Al-Sisi’s assault on Al-Azhar was sparked by multiple factors: the Islamic State’s extreme violence; pressure by the United Arab Emirates that more recently joined the fray of those seeking to shape Islam in their mold, and the experiences of Egyptian intelligence officers with militants.

Hatred and bloodshed are backed up by curricula…that are approved by Islamic scholars, the ones that wear turbans… When I interrogated the extremists and talked to the Azhari scholars, I reached the conclusion that extremism comes primarily from the ancient books of Islamic jurisprudence which we’ve turned into sacred texts. These texts could have been forgotten long ago had it not been for those wearing the turbans,” said former Egyptian intelligence officer and lawyer Ahmad Abdou Maher, a strident critic of Al-Azhar.

Islam al-Bahiri, another Al-Azhar critic, who was jailed for his views and later pardoned by Al-Sisi charged that “Al-Azhar is part of the problem, not the solution. It cannot reform itself because if it does reform itself it would lose all authority. Al-Azhar is fighting for its own survival and not for the religion itself… They want you to follow religion as they understand it.”

Ironically, Al-Sisi has himself to blame for Al-Azhar’s ability to fend off the president’s effort. In attempting to not only tighten state control of Al-Azhar, Al-Sisi overreached by trying to fundamentally alter its power structure.

Legislation introduced in parliament would have limited the tenure of the grand imam, create a committee that could investigate the imam if he were accused of misconduct, broadened the base that elects the imam, included laymen in the Body of Senior Scholars that supervises Al-Azhar, and added presidential appointees to the Supreme Council of Al-Azhar.

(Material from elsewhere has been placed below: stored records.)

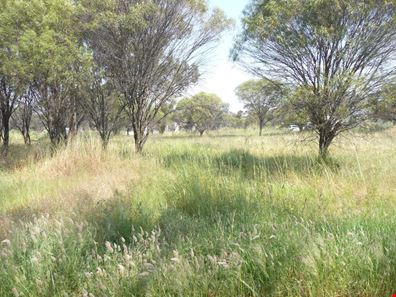 Lot 122 Scott Street, Mount Hardey WA 6302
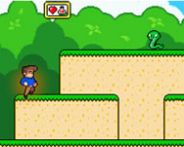 Super Steve world kostenloses Spiel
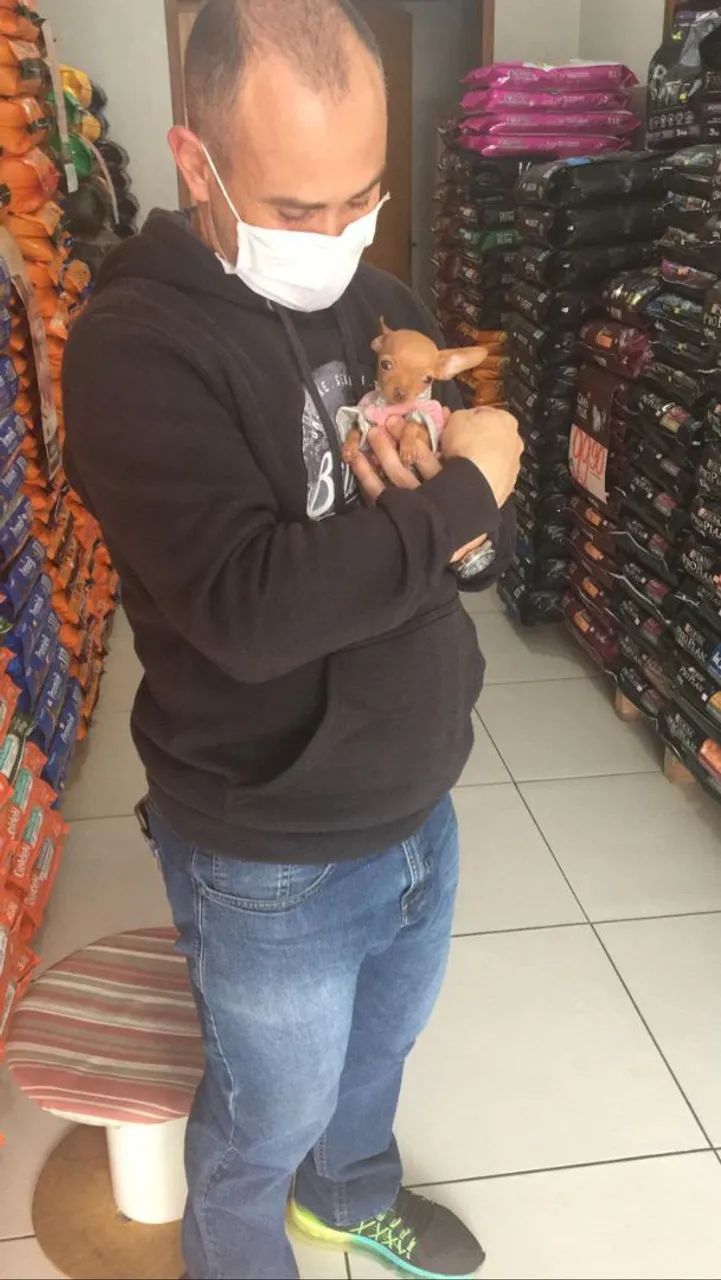 Doação pincher 0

Al-Sisi’s overreach enabled Al-Azhar, in a rare example of successful opposition to his policies, to mobilize its supporters in and outside of parliament and defeat the legislation. It also allowed Al-Azhar to reject out of hand of Al-Sisi’s demand that it rewrites the rules governing divorce to make it more difficult for husbands to walk away.

The proposed legislation nonetheless sent a message that was heard loud and clear in Al-Azhar. In response to Al-Sisi’s assault, the leadership of Al-Azhar has sought to curb anti-pluralistic and intolerant statements by some members the faculty, set up an online monitoring center to track militant statements on social media, and paid lip service to the need to alter religious discourse. It has, however, stopped short of developing a roadmap for reform of the institution and its curriculum.

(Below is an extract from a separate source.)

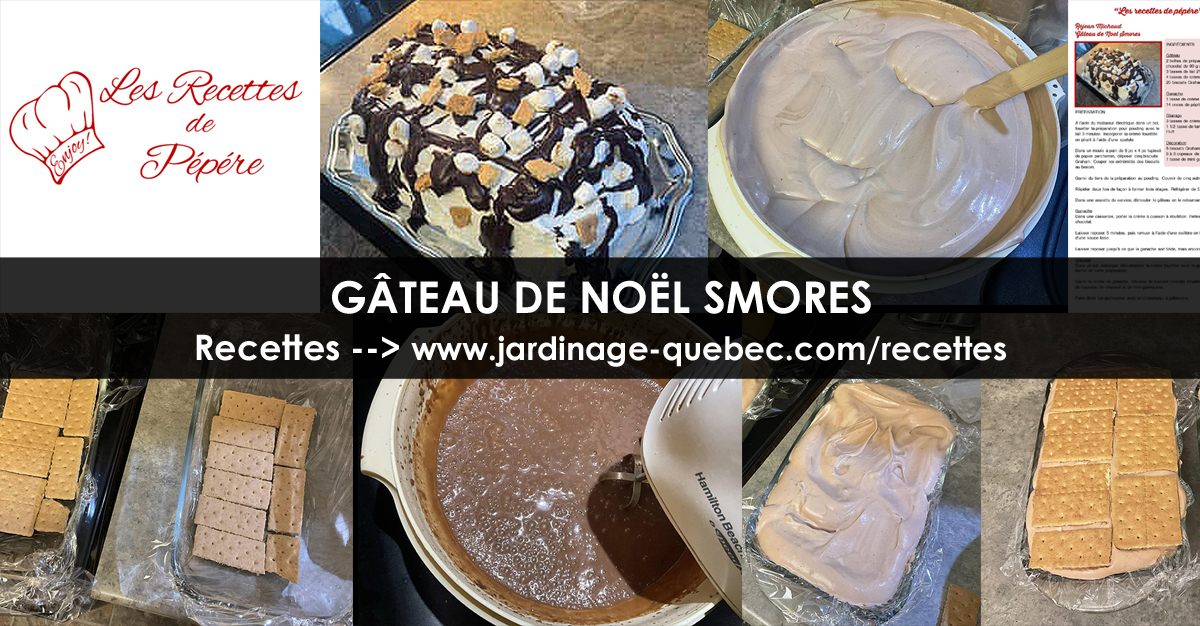 Gâteau de Noël Smores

Differences of opinion between ultra-conservatives among the Al-Azhar faculty and those more willing to accommodate demands for reform surface regularly.

Soaad Saleh, an Islamic law scholar and former head of Al-Azhar’s fatwa committee, last year publicly criticized a ruling by grand mufti Shawki Allam that exempted Egypt’s national team from fasting during Ramadan in the run-up to the 2018 World Cup.

Saleh argued that only those travelling for reasons that please God such as earning money to feed the family, study or to spread the word of God were exempted from fasting. Soccer did not fall in that category, the scholar said.

Saleh earlier asserted that Muslims who conquered non-Muslims were entitled to sex slaves. “If we [Egyptians] fought Israel and won, we have the right to enslave and enjoy sexually the Israeli women that we would capture in the war,” Ms. Saleh said.

Saleh remains a member of the Al-Azhar faculty. So is Masmooa Abo Taleb, a former dean of men’s Islamic studies who argued several years ago that Al-Azhar had endorsed the principle that Muslims who intentionally miss Friday prayer could be killed.

Combating Extremism

Al-Azhar nevertheless asserts that it has reviewed its curriculum and was working with the education ministry to revise school textbooks. It rejects suggestions that the revisions are primarily cosmetic.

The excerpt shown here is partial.